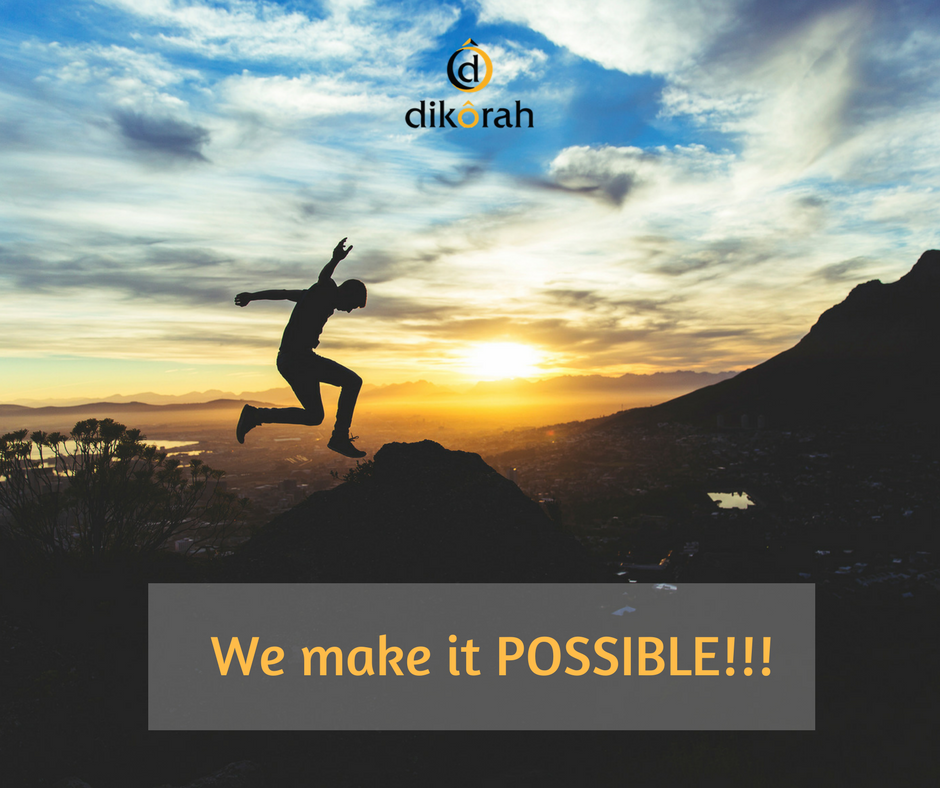 dikorah's tweet photo. https://t.co/HFLKQvn2m0 ... The Website for your events.
We make it POSSIBLE! https://t.co/RkS0gEjhAO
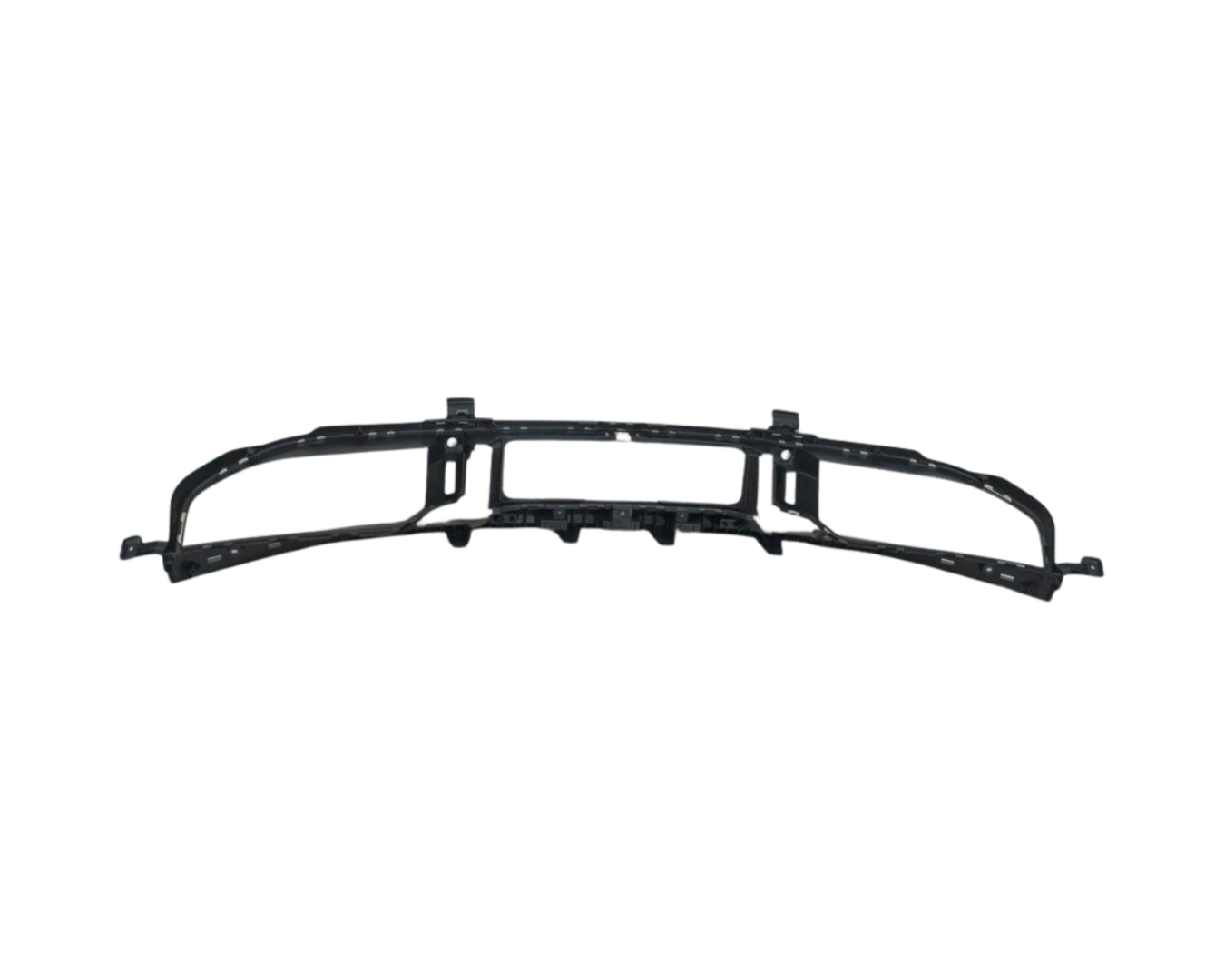 Front Bumper Grille - Center - Taycan | 2020-2026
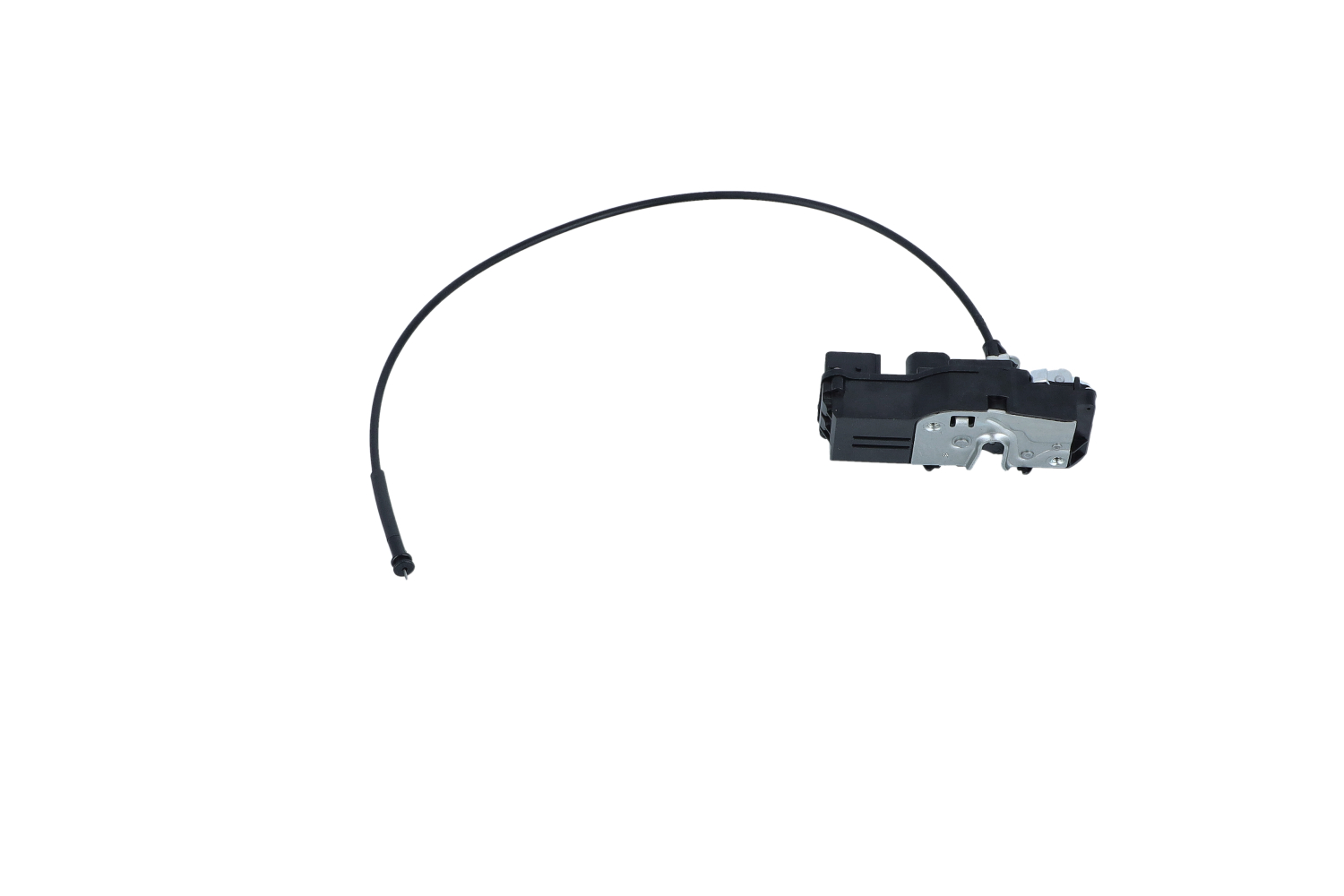 NRF 902007 Conjunto fechaduras TESLA Model S (5YJS) 85D AWD Elétrico 376 cv 2014 preço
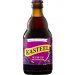 Kasteel Rubus 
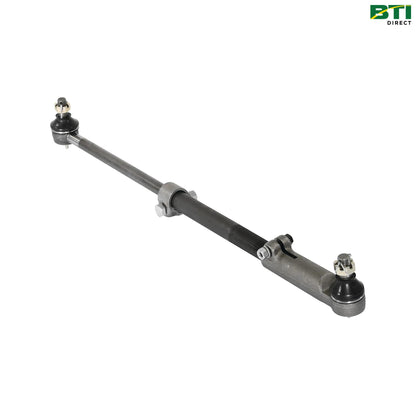 AR54637: Tie Rod Assembly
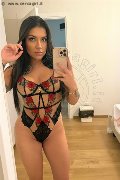 Milano Girls Irma 350 88 92 200 foto selfie 1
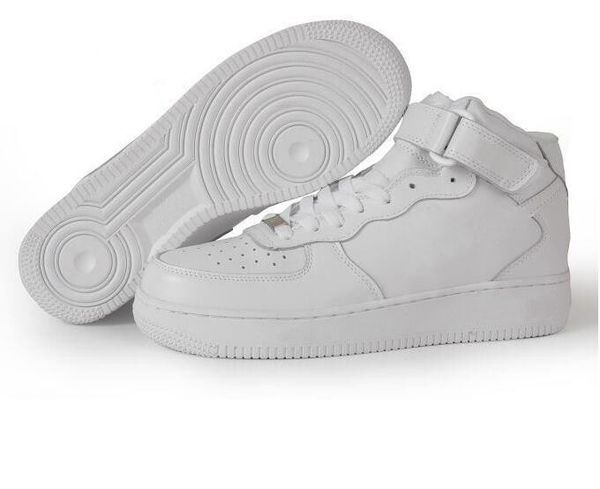 brand discou new one dunk men women flyline running shoes,sports skateboarding ones shoes high low cut white black outdoor trainers sneakers
brand discou new one dunk men women flyline running shoes,sports skateboarding ones shoes high low cut white black outdoor trainers sneakers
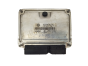 Controlador 038906019NL 0281012276 VW Skoda Seat Bosch 3372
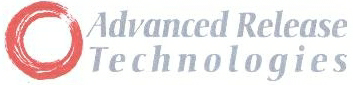 Advanced Release Technologies Device mark 1807419 Trademark
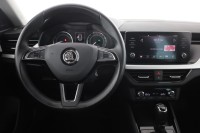 Skoda Kamiq 1.5 TSI DSG Ambition
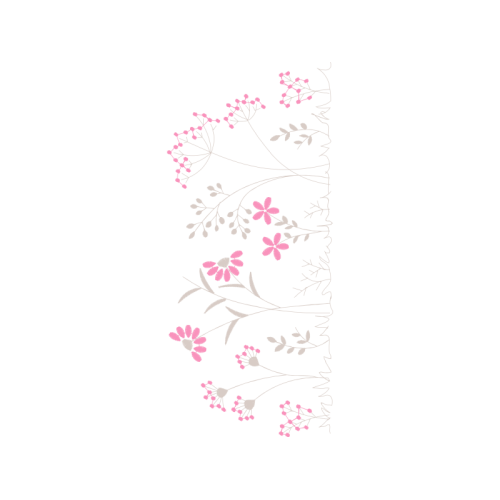 Drawing Animals Drawing Animals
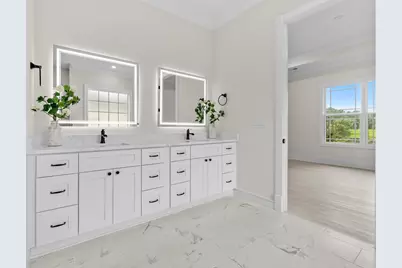 1021 Muscovy Pl., Conway, SC 29526 - Photo 5
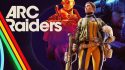 arc-raiders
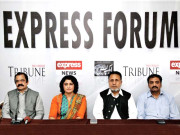 مسائل کے حل کیلئے مقامی حکومتوں کو مضبوط بنانا ہوگا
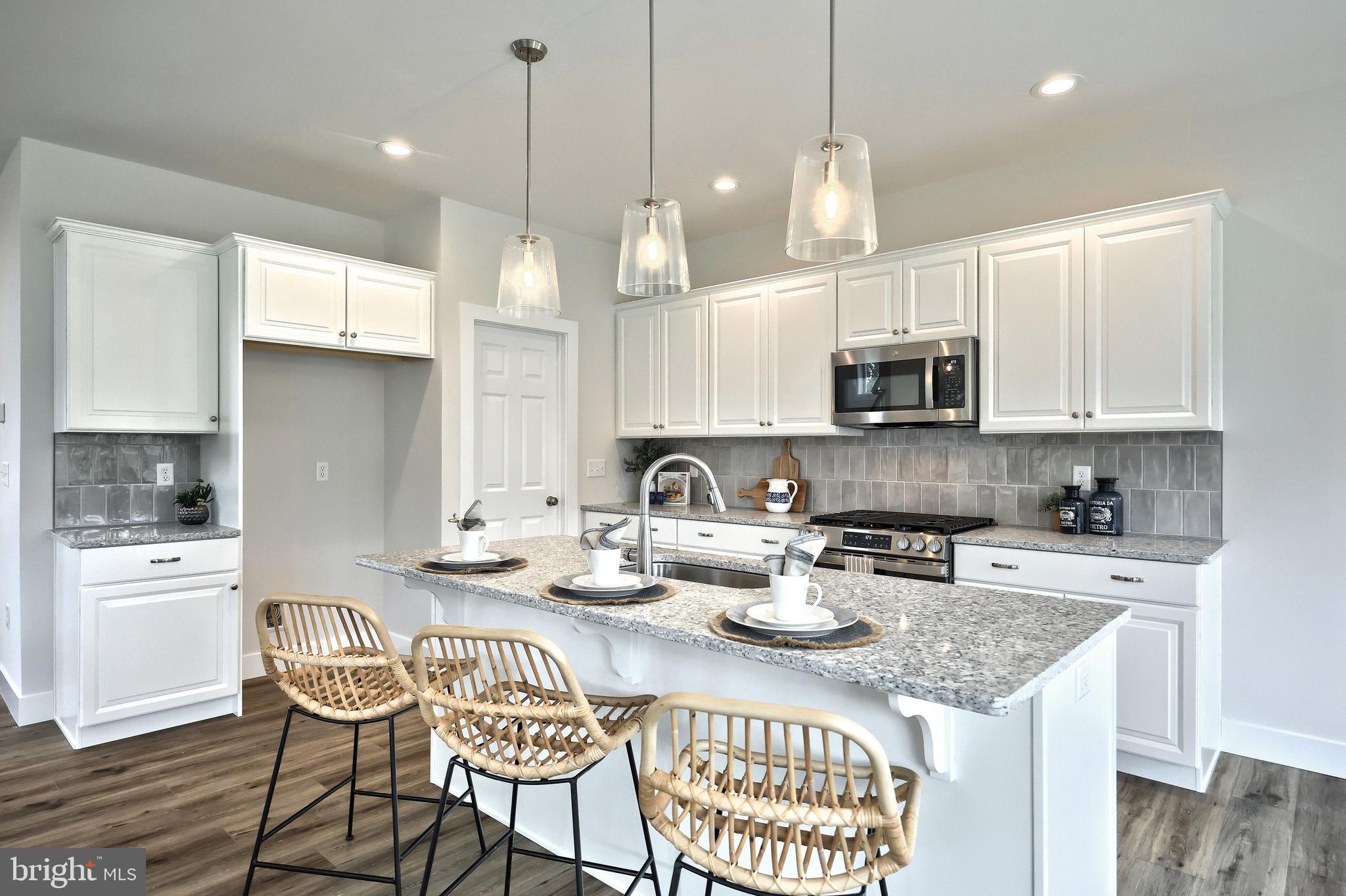 128 Forge Drive Lebanon, PA 17042 - Photo 8 of 32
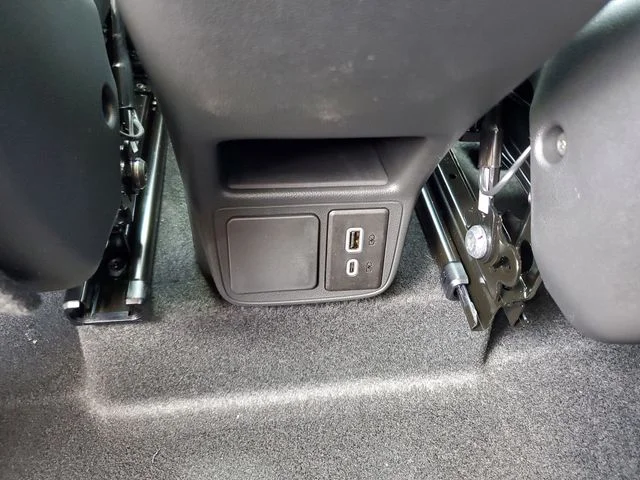 Nuevos BUICK ENCORE GX à Estados chez autogozo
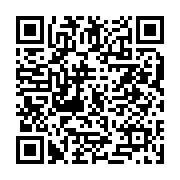 군정소식 페이지 바로가기 주소(https://business.jangseong.go.kr/q/ezMxMDR8MTI4MDd8c2hvd3xwYWdlPTM4N30=&e=M&s=3), QRCODE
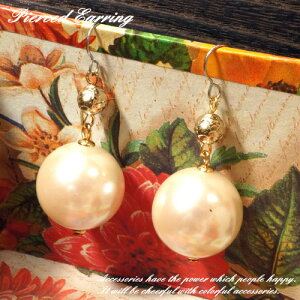 sAX AM[ 18mm ANp[ tbNsAX T[WJXeXtbN TKsAX fB[XANZT[  Ǝ w   tbN(`^/)orC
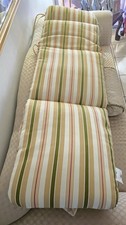 New lifestyle products for sale  Miami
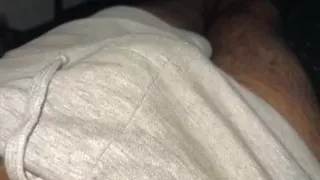 Nik Hard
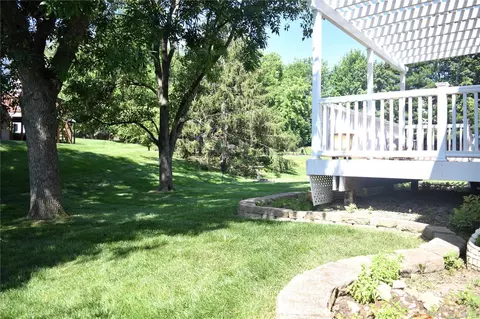 8 Butternut Ct, O'fallon, MO 63368 photo 4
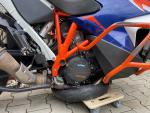 Klikněte pro detailní foto č. 8 - KTM 1290 Super Adventure R (2021)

> Aim of the task
Without including any picture, set down every line above exactly as it stands.

> Output for this exercise
 dikorah's tweet photo. https://t.co/HFLKQvn2m0 ... The Website for your events.
We make it POSSIBLE! https://t.co/RkS0gEjhAO
 Front Bumper Grille - Center - Taycan | 2020-2026
 NRF 902007 Conjunto fechaduras TESLA Model S (5YJS) 85D AWD Elétrico 376 cv 2014 preço
 Kasteel Rubus 
 AR54637: Tie Rod Assembly
 Milano Girls Irma 350 88 92 200 foto selfie 1
 brand discou new one dunk men women flyline running shoes,sports skateboarding ones shoes high low cut white black outdoor trainers sneakers
brand discou new one dunk men women flyline running shoes,sports skateboarding ones shoes high low cut white black outdoor trainers sneakers
 Controlador 038906019NL 0281012276 VW Skoda Seat Bosch 3372
 Advanced Release Technologies Device mark 1807419 Trademark
 Skoda Kamiq 1.5 TSI DSG Ambition
 Drawing Animals Drawing Animals
 1021 Muscovy Pl., Conway, SC 29526 - Photo 5
 arc-raiders
 مسائل کے حل کیلئے مقامی حکومتوں کو مضبوط بنانا ہوگا
 128 Forge Drive Lebanon, PA 17042 - Photo 8 of 32
 Nuevos BUICK ENCORE GX à Estados chez autogozo
 군정소식 페이지 바로가기 주소(https://business.jangseong.go.kr/q/ezMxMDR8MTI4MDd8c2hvd3xwYWdlPTM4N30=&e=M&s=3), QRCODE
 sAX AM[ 18mm ANp[ tbNsAX T[WJXeXtbN TKsAX fB[XANZT[  Ǝ w   tbN(`^/)orC
 New lifestyle products for sale  Miami
 Nik Hard
 8 Butternut Ct, O'fallon, MO 63368 photo 4
 Klikněte pro detailní foto č. 8 - KTM 1290 Super Adventure R (2021)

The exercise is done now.